Execution order: Request → Retry (up to 3 times) → Circuit Breaker (check state, open/reject if needed) → call target.

Key Takeaways

  • Circuit breaker prevents cascading failures by stopping requests to a failing service.
  • Three states (Closed, Open, Half-Open) manage the transition from normal operation to recovery.
  • Threshold options include fixed failure count or percentage-based rate; choose based on your traffic volume.
  • Break duration should allow time for the target service to recover (30 seconds to 5 minutes typical).
  • Always combine circuit breaker with retry: retry handles transients, circuit breaker handles sustained outages.

Frequently Asked Questions

What is the difference between circuit breaker open and closed?

Closed means the circuit is operational; requests pass through and failures are tracked. Open means the failure threshold is exceeded; new requests fail immediately with BrokenCircuitException without calling the target. This protects both the service and your threads.

How do I set the break duration?

Start with 30-60 seconds for most services. If the service takes longer to recover (e.g., database full restart), use 2-5 minutes. Monitor recovery time in production and adjust. Too short, and the circuit reopens before recovery completes.
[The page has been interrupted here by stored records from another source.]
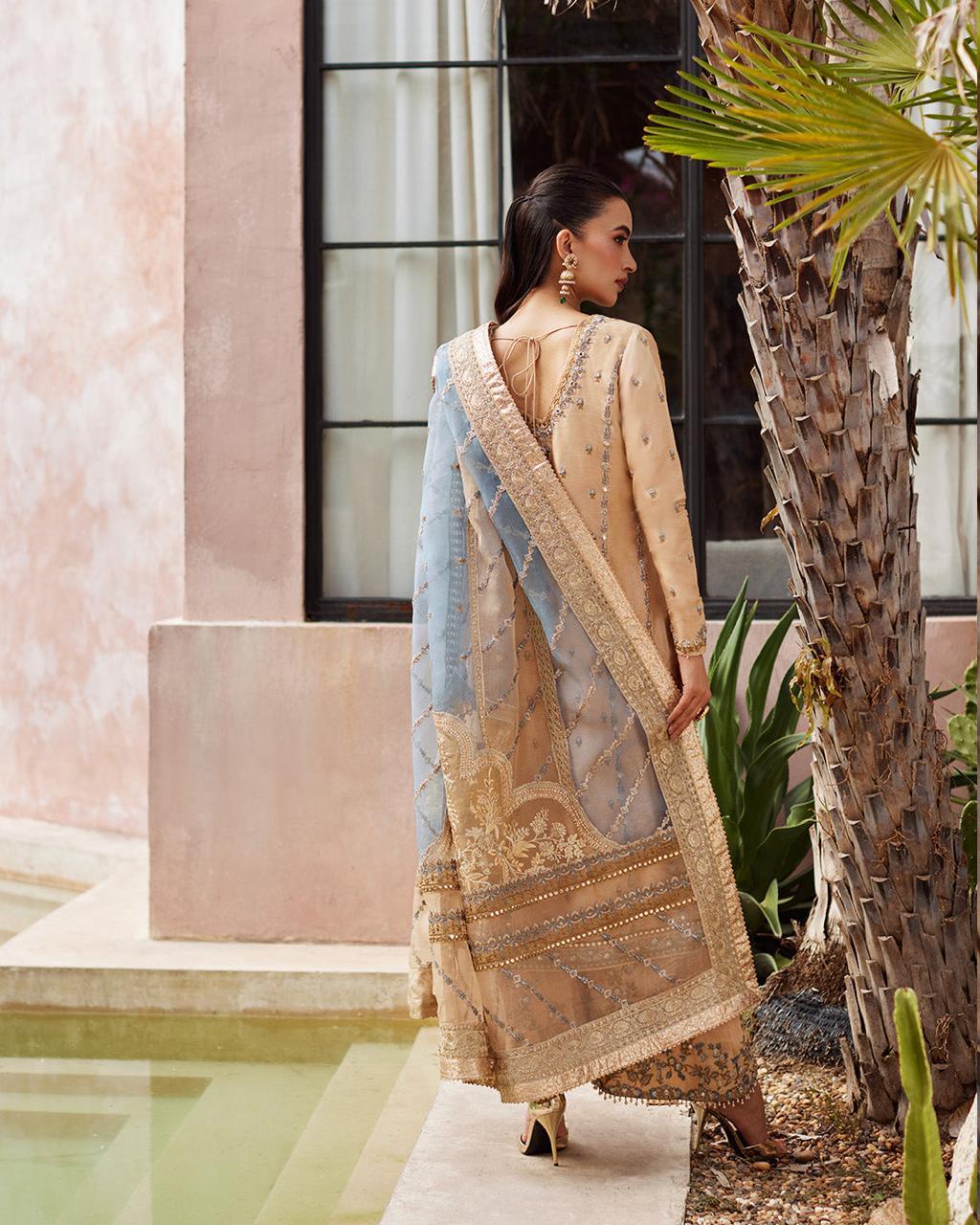 Faiza Saqlain - Yelena - House Of Anaya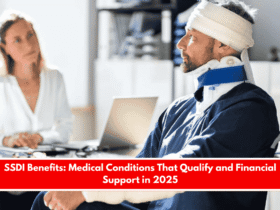 SSDI Benefits Medical Conditions That Qualify and Financial Support in 2025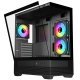 Компютърна кутия TrendSonic DARK_REAPER_VG-DR3F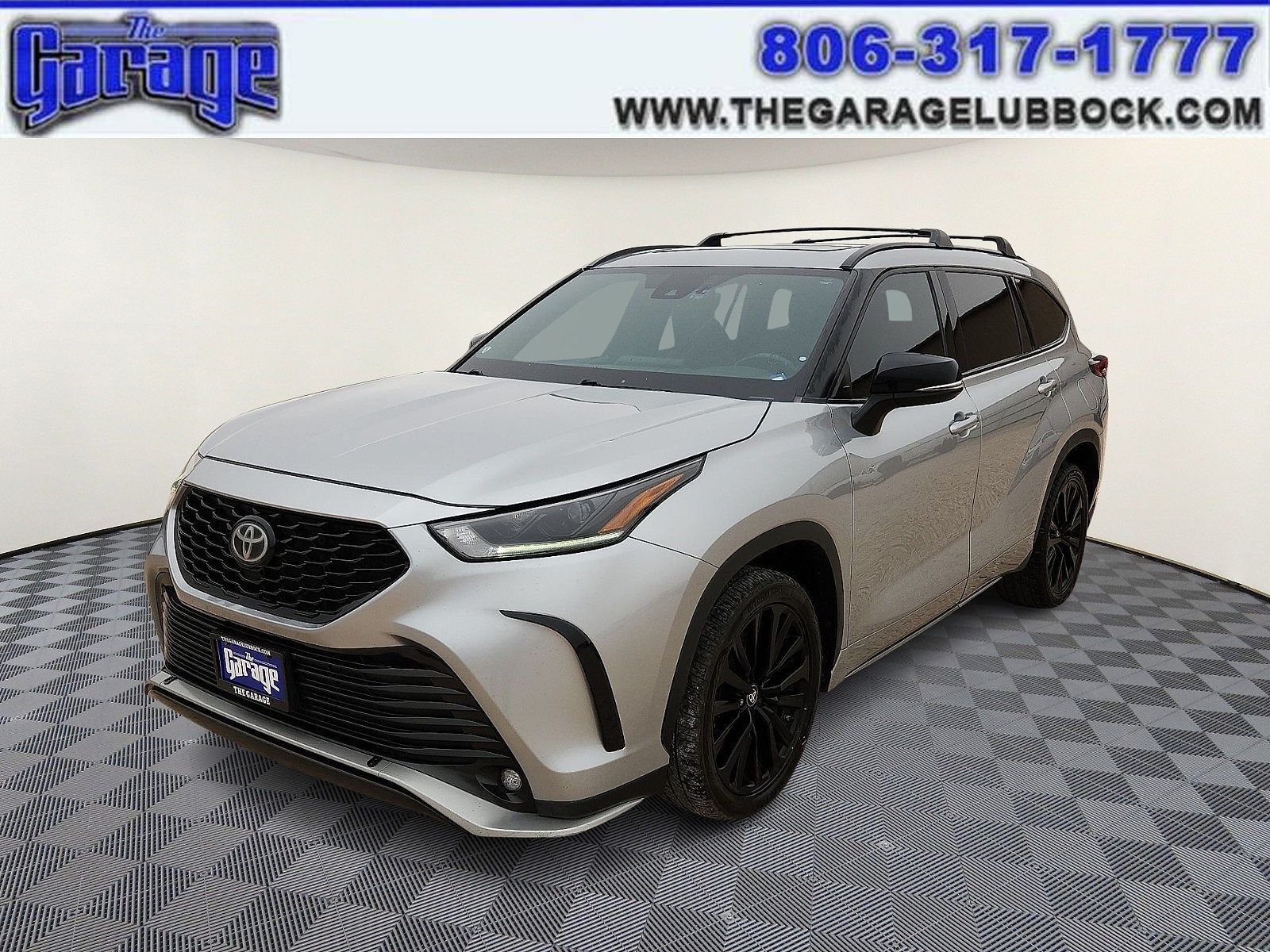 2023 TOYOTA Highlander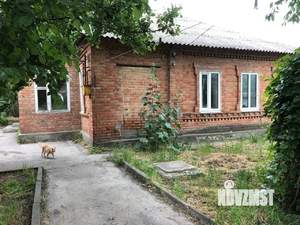 Дом 85м&sup2;, 1-этажный, участок 9 сот.  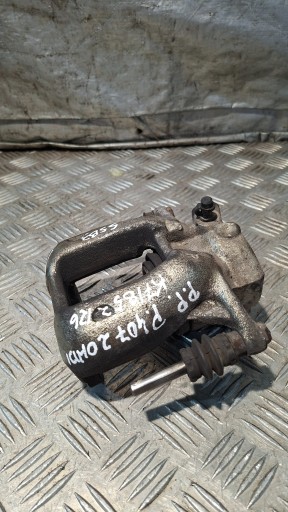 caliper brake right front PEUGEOT 407 2.0HDI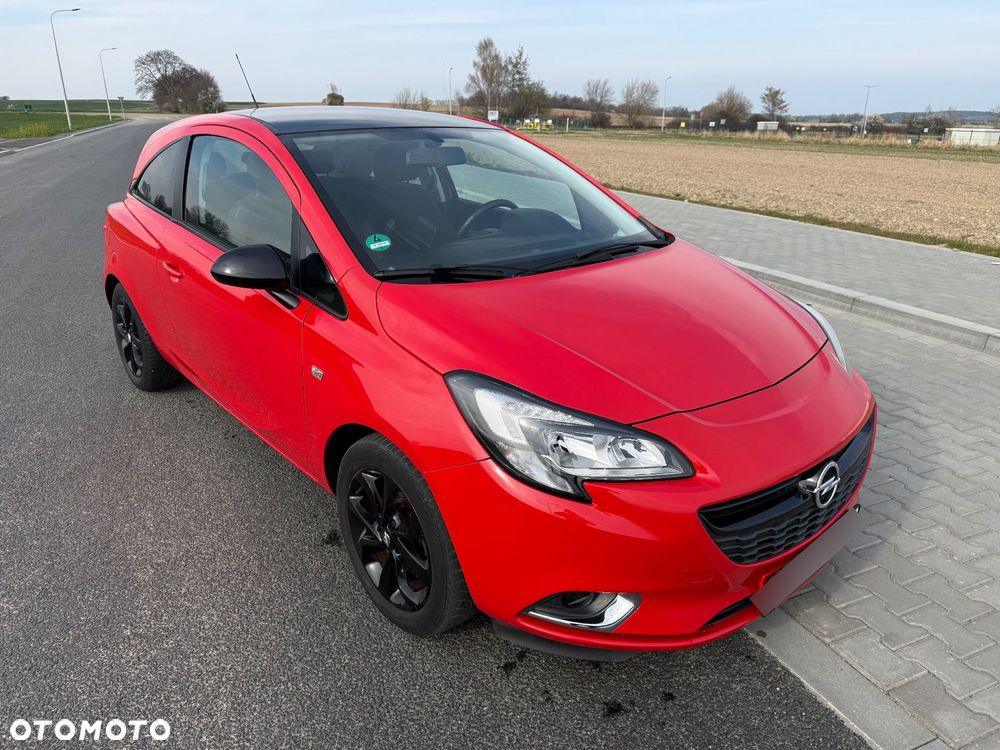 Opel Corsa 1.0 T Color Edition EcoFLEX S&S - 9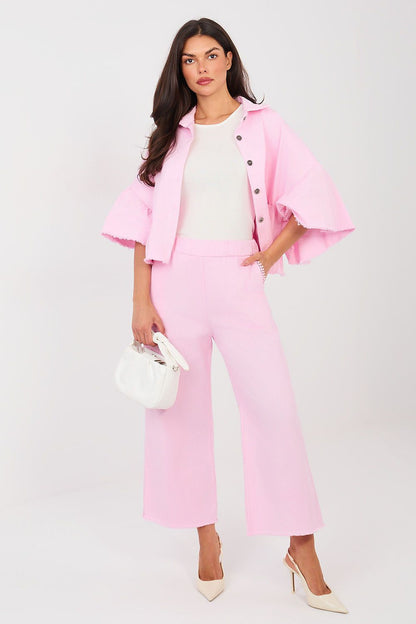  Pantalon femme model 223766 Italy Moda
Too long, and users see unnecessary downtime.

Can I use circuit breaker for all operations?

Circuit breaker is most valuable for calls to external services (APIs, databases, message queues) where failures can cascade. Don't use it for in-process operations or where every millisecond counts; the state tracking adds small overhead.

What happens to requests in flight when the circuit opens?

In-flight requests complete or fail normally. Only new requests are rejected immediately with BrokenCircuitException. This is why the break duration must be long enough for the service to actually recover.